**Instructions for the task:**
Leaving the images aside, print every record in the material exactly.

**Available data:**
^^^^^^^^^^^^^^^^
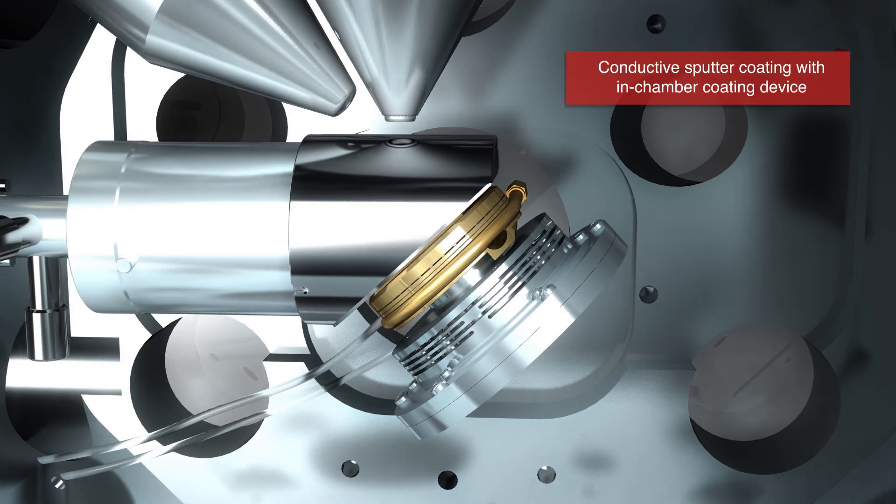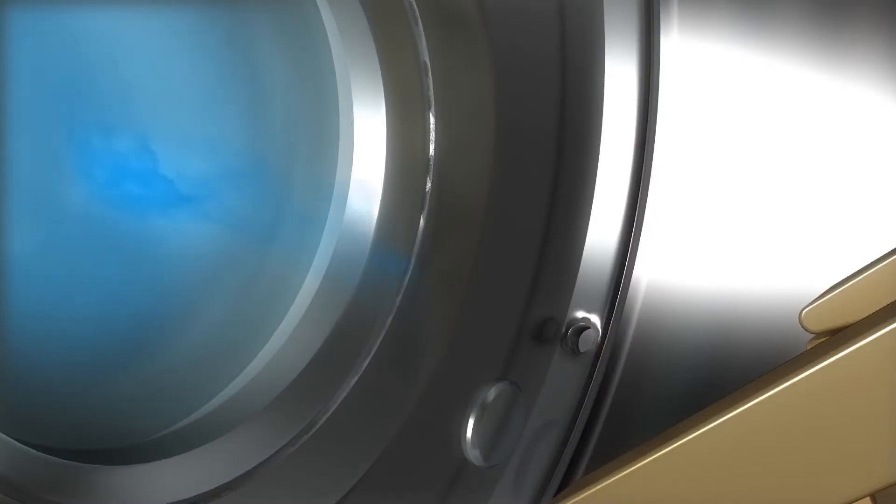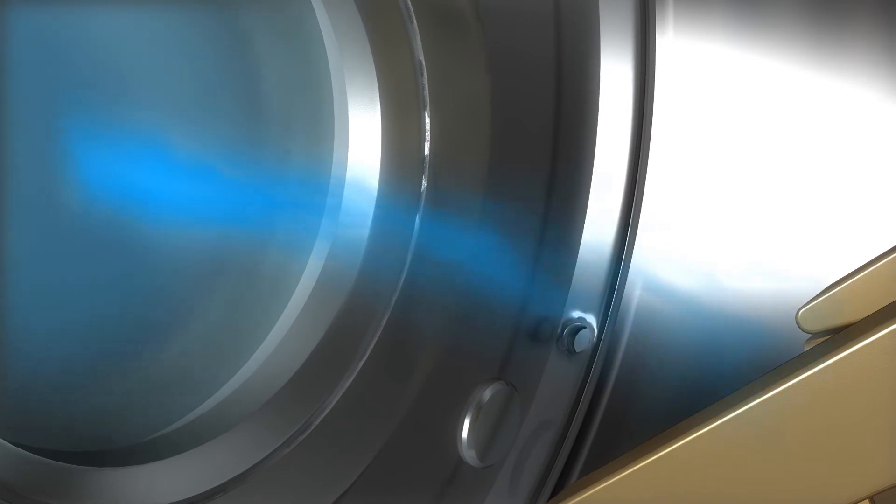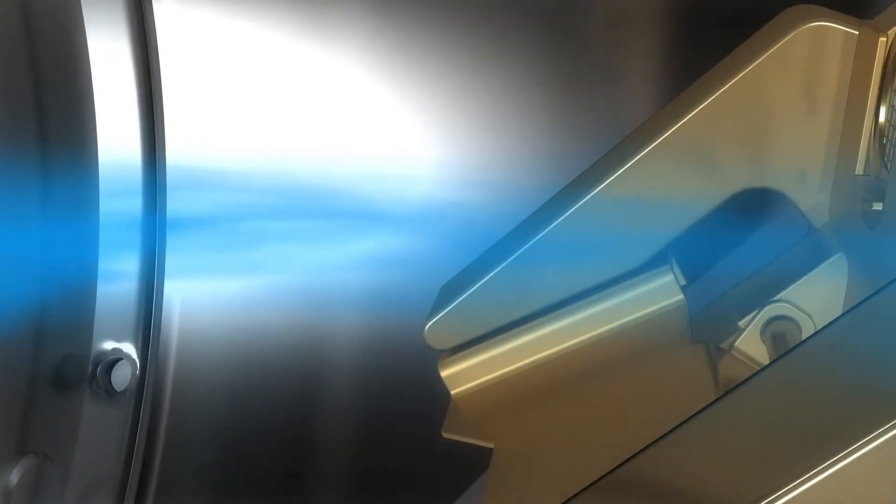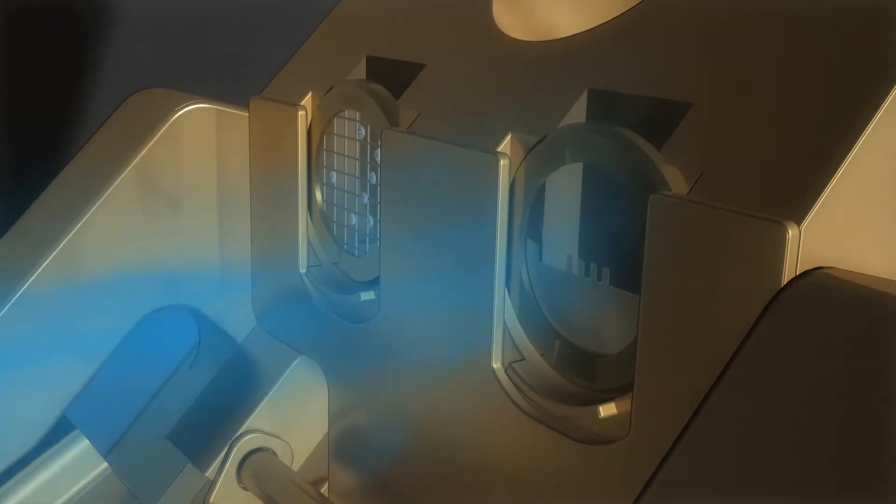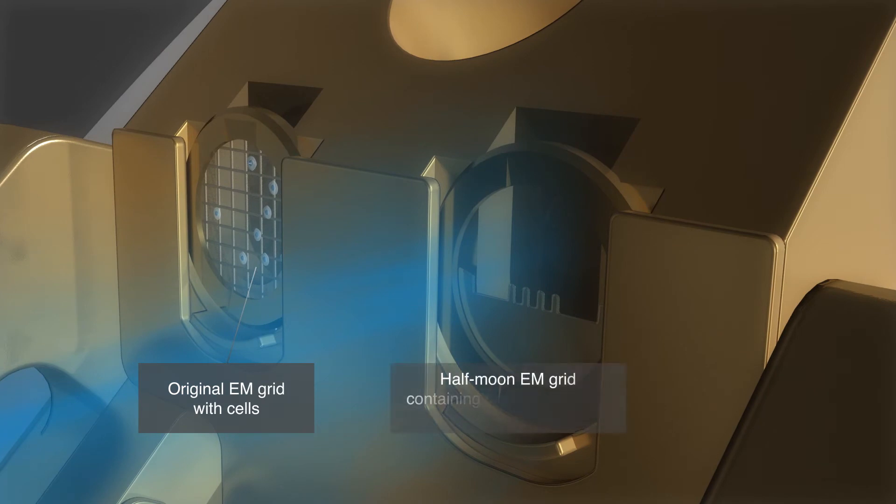In the last step, the in-chamber sputter coating system is used to apply a thin conductive layer of platinum on top of the lamella sample to prevent that it charges up during 3D imaging in the TEM.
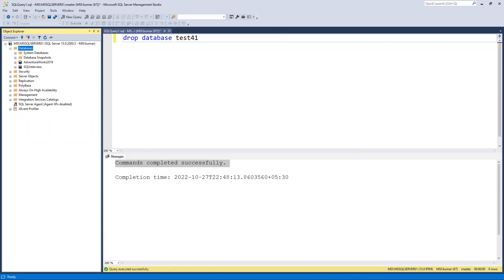So in this way we can create, alter, and drop a database name. Thank you for watching this video.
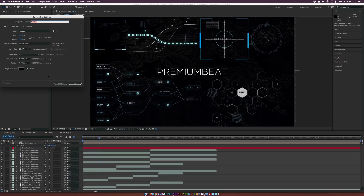Let's create a new composition. We can call this one Tutorial Main. I'm using 1920 by 1080, 23 frames per second. The duration is really up to you — I'm going to keep mine at 10 seconds.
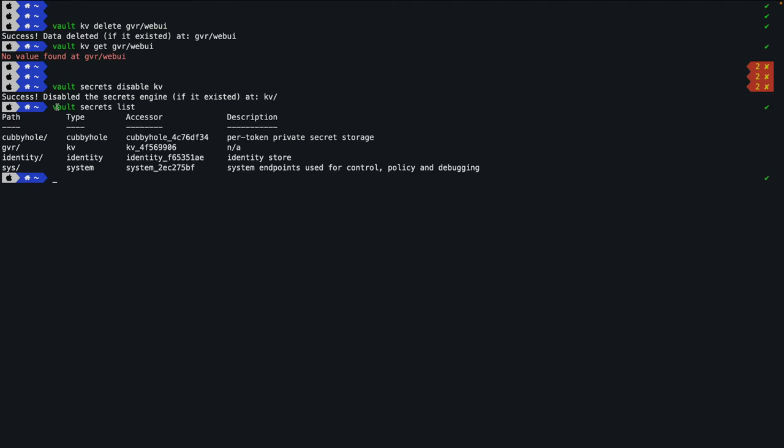To disable a secret engine, use 'vault secrets disable kv'. Running 'vault secrets list' confirms that kv is now disabled. Similarly, 'vault secrets disable gvr' removes the gvr engine. After both are disabled, 'vault secrets list' shows neither kv nor gvr — both are gone.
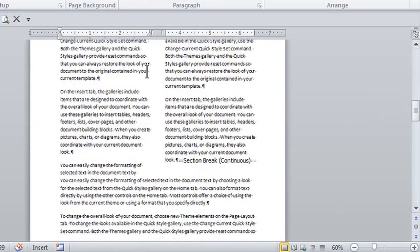In my ruler I can see very clearly that there are two columns here. So there you go — having your columns going from one page to another in Microsoft Word. This is Crystal, see you soon.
^^^^^^^^^^^^^^^^
**Output for this task:**
In the last step, the in-chamber sputter coating system is used to apply a thin conductive layer of platinum on top of the lamella sample to prevent that it charges up during 3D imaging in the TEM.
So in this way we can create, alter, and drop a database name. Thank you for watching this video.
Let's create a new composition. We can call this one Tutorial Main. I'm using 1920 by 1080, 23 frames per second. The duration is really up to you — I'm going to keep mine at 10 seconds.
To disable a secret engine, use 'vault secrets disable kv'. Running 'vault secrets list' confirms that kv is now disabled. Similarly, 'vault secrets disable gvr' removes the gvr engine. After both are disabled, 'vault secrets list' shows neither kv nor gvr — both are gone.
In my ruler I can see very clearly that there are two columns here. So there you go — having your columns going from one page to another in Microsoft Word. This is Crystal, see you soon.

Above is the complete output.